Ele tinha bossa —e com ela construiu uma ponte entre o samba-canção, seu gênero por excelência, e a novidade musical do amigo João Gilberto.

Mas o que ele tinha de melhor era a fossa. Gravou quatro discos com essa palavra no título, entre 1971 e 1974. Na verdade, tristes eram as músicas que compunha e interpretava. Para quem o conhecia, Madi transpirava doçura.

Por causa dela, acabou perdoando (após décadas) João Gilberto, que quebrou um violão em seu crânio em 1961 —a briga por motivo fútil lhe custou dez pontos na cabeça.

No show do cinquentenário da bossa nova, João exaltou “o grande Tito Madi” antes de cantar “Chove Lá Fora”.

Em função da doçura, evitava direcionar mágoas a Roberto Carlos, que teria, segundo Madi, prometido gravar composições suas, ou mesmo um disco inteiro.

Quem realizou o projeto, agora em 2018, foi Nana Caymmi. O CD será lançado no próximo ano.

Chauki Maddi nasceu em Pirajuí (SP), em 1929, em família de origem libanesa. Descobriu-se artista na cidade natal, e em 1952 mudou-se para São Paulo já com o codinome Tito.

No primeiro disco, em 1954, interpretou seu samba-canção (e de Georges Henry) “Não Diga Não”, que receberia bem mais tarde, em 1983, um registro primoroso de Nana Caymmi.

Como autor, Madi nunca dissociou tristeza de beleza. Sua fossa era elegante nas melodias e nas letras.

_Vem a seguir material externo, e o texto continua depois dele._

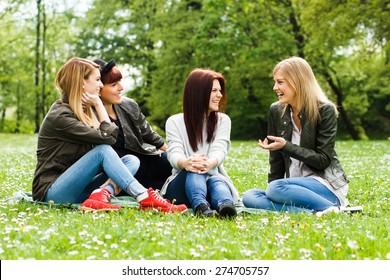 Four Young Girls Sitting In The Park And Talking About Something.Friends Talking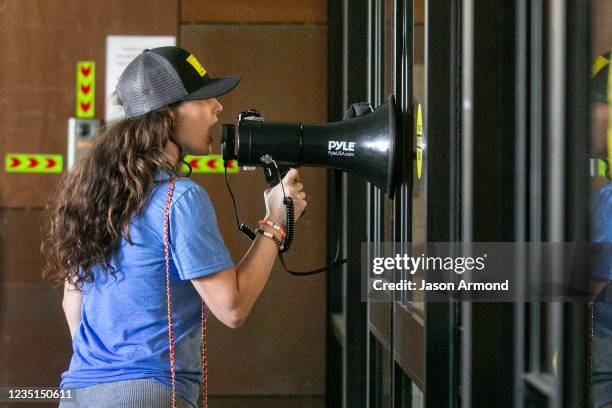 Demonstrators opposed to masking and mandatory vaccination for students gather outside the Los Angeles Unified School District headquarters as board...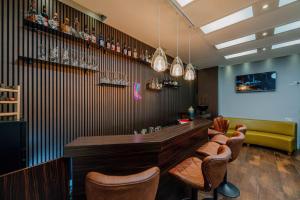 a bar in a restaurant with stools and a counter at Ramada by Wyndham Frankfurt Central Station in Frankfurt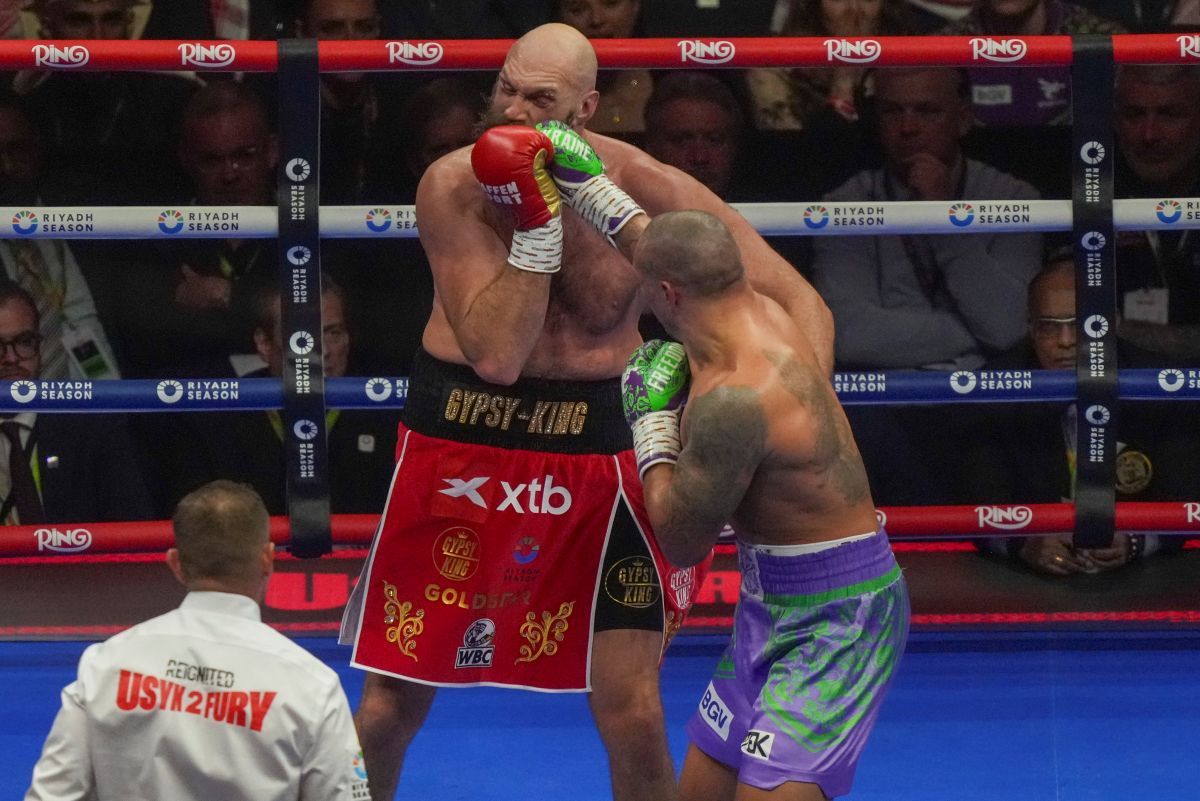 Boxers Britain's Tyson Fury, left, and Ukraine's Oleksandr Usyk compete during their WBA, WBO, and WBC world heavyweight title fight in Riyadh, Saudi Arabia, Saturday, Dec. 21, 2024. (AP Photo/Frank Augstein)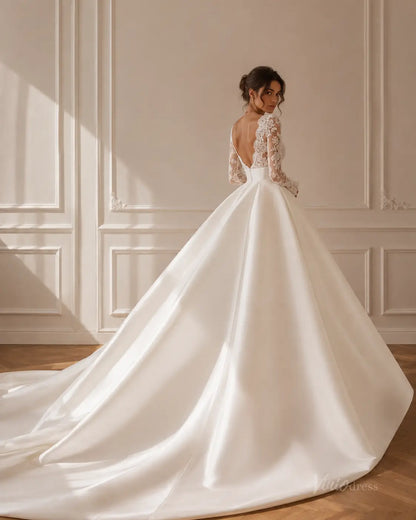 MS189 white satin ball gown wedding dress with long lace sleeves, an open back, and a dramatic floor-length train.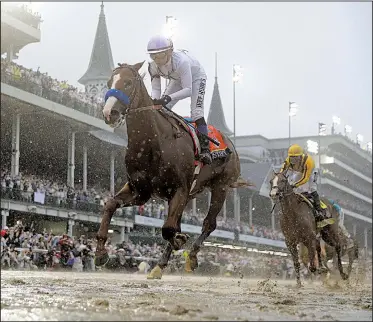  ?? AP/MORRY GASH ?? Mike1 Smith (center) rides Justify
to victory at the 144th Kentucky Derby on Saturday at Churchill Downs in Louisville, Ky. Justify won by 2 /2 lengths, becoming the first colt since Apollo in 1882 to win the Derby without racing as a 2-year-old.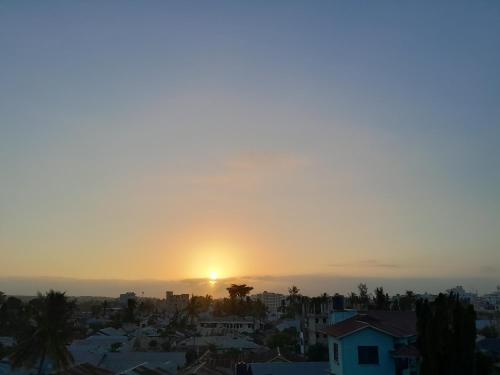 a sunset from the roof of a city at Graceful Listing in Mombasa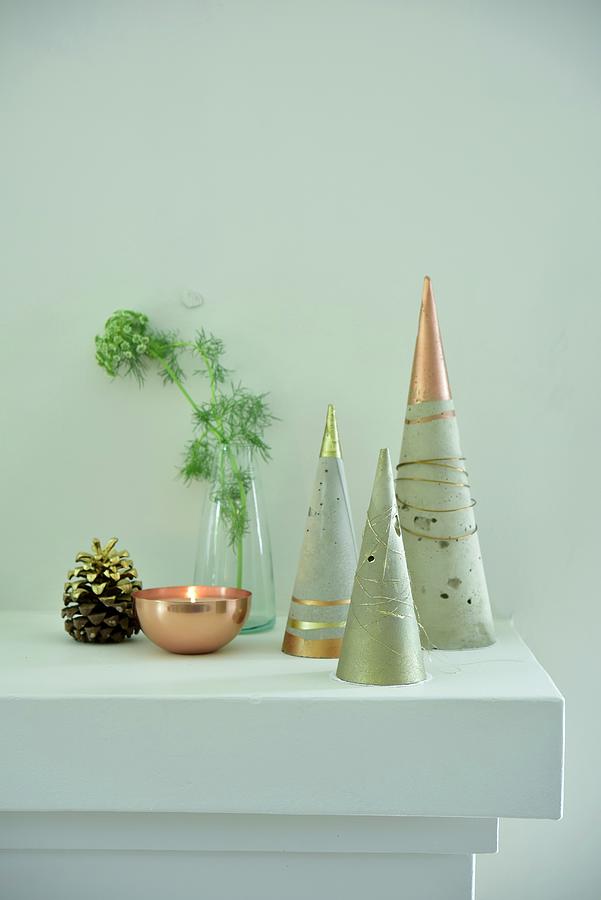 Stylised Christmas Trees Made From Concrete Cones With Metallic Paint Photograph by Great Stock!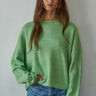 Model wearing the Piper Soft Knit Crew Sweater in Green with relaxed neutral pants - front view- main image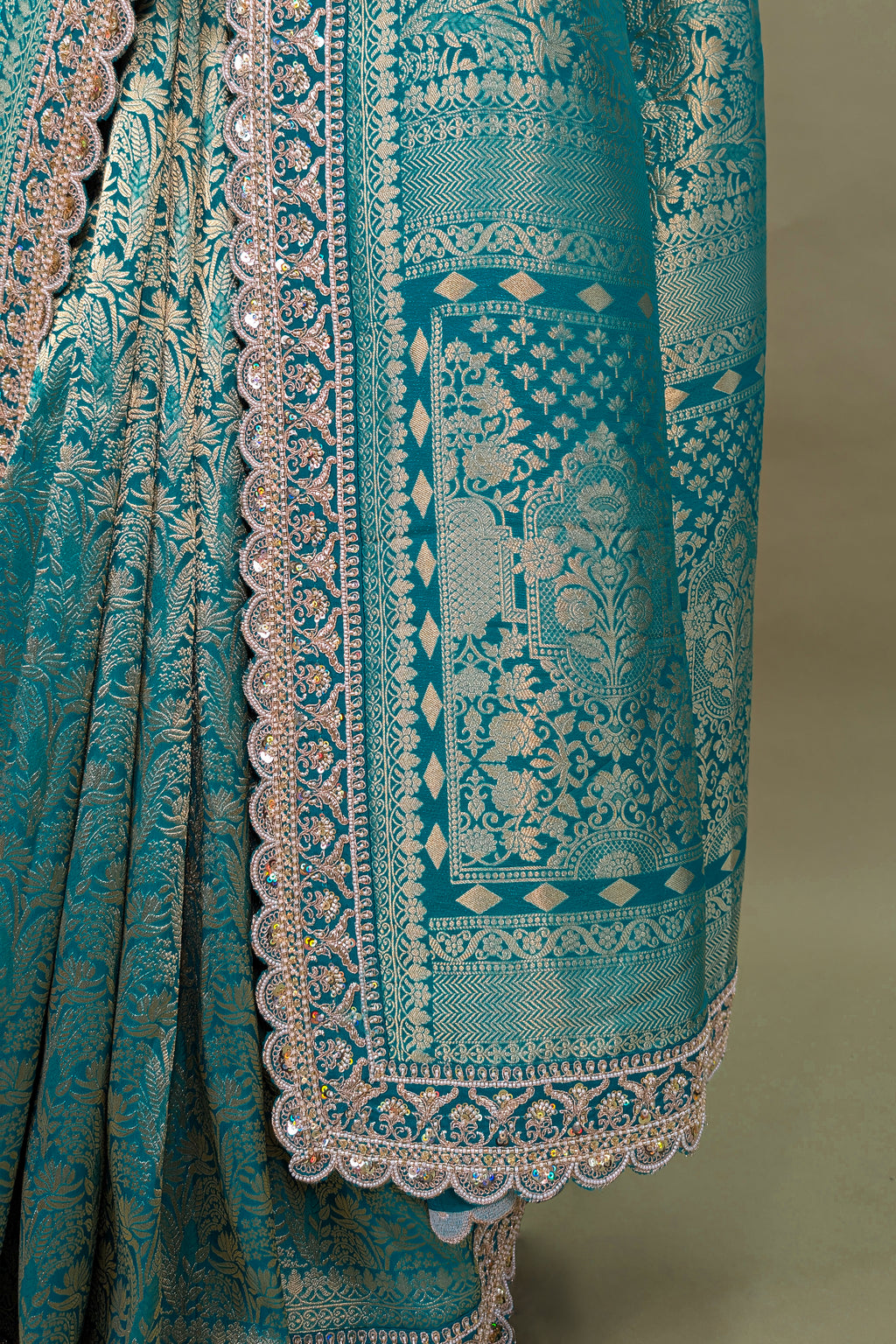 Teal Green Dola Silk Woven Saree with Heavy Work Readymade Blouse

“Chove Lá Fora” resume isso, com seu jeito de cena de cinema. Foi gravada por Milton Nascimento, Caetano Veloso e muitos outros, inclusive o conjunto americano The Platters. “Cansei de Ilusões”, de versos rasgadamente dolorosos, ganhou de Maria Bethânia, em 1981, sua melhor interpretação.

“Sonho e Saudade”, “Quero-te Assim”, “Carinho e Amor”. São muitas as canções comoventes que Madi criou. E, com exceções a confirmar a regra, o melhor intérprete delas era ele mesmo.

Voz grave e aveludada, na linha de Dick Farney e Lúcio Alves, Madi fazia chorar sem precisar cantar como se estivesse chorando. E também era ótimo no terreno da bossa nova, como nas gravações de “A Felicidade” e “Minha Namorada”, entre outras.

Sua produção fonográfica foi rareando com o tempo, mas ainda rendeu bons exemplares, caso de “Ilhas Cristais” (2001). No último CD. “Quero te Dizer que Eu Amo” (2015), a voz já estava bastante fraca.

Depois do AVC sofrido em 2008, Madi praticamente deixou de se apresentar e até mesmo de sair do seu apartamento, em Copacabana. Foi num hospital do bairro, o São Lucas, onde estava internado com pneumonia, que ele morreu na última quarta (26), aos 89 anos.